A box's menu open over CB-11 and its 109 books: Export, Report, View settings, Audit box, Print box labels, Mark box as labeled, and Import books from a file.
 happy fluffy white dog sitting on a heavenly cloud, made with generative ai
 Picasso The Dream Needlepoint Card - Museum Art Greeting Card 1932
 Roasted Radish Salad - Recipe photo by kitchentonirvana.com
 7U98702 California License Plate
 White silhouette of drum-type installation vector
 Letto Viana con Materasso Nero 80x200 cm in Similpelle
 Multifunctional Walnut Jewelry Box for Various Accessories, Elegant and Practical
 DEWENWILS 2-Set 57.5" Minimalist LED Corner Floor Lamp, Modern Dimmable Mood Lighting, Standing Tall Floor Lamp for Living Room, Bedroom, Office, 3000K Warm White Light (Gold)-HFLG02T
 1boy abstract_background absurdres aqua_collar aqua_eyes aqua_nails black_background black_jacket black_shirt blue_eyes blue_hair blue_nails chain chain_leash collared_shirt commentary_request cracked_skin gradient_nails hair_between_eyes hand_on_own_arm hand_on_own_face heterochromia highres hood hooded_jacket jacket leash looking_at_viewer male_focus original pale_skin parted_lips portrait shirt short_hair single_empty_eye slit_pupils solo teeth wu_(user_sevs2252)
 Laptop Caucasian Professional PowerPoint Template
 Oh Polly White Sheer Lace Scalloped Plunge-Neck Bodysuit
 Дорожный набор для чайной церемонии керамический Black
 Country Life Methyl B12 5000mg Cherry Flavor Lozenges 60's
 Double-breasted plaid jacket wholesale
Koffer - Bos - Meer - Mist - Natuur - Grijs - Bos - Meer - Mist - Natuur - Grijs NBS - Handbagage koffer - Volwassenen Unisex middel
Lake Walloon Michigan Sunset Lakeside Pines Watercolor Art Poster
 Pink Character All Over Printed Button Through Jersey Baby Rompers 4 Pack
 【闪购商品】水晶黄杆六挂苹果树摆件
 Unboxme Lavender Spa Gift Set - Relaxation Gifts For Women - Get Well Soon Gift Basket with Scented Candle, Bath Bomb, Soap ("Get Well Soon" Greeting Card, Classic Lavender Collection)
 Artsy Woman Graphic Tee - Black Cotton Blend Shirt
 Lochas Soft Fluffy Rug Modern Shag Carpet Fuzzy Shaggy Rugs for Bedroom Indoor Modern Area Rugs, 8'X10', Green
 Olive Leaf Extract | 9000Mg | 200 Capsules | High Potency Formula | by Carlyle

^^^^

YOUR INSTRUCTIONS: What lines in the data above contain the word "Greeting"? Copy them all.

COMPLETED TASK:
 Picasso The Dream Needlepoint Card - Museum Art Greeting Card 1932
 Unboxme Lavender Spa Gift Set - Relaxation Gifts For Women - Get Well Soon Gift Basket with Scented Candle, Bath Bomb, Soap ("Get Well Soon" Greeting Card, Classic Lavender Collection)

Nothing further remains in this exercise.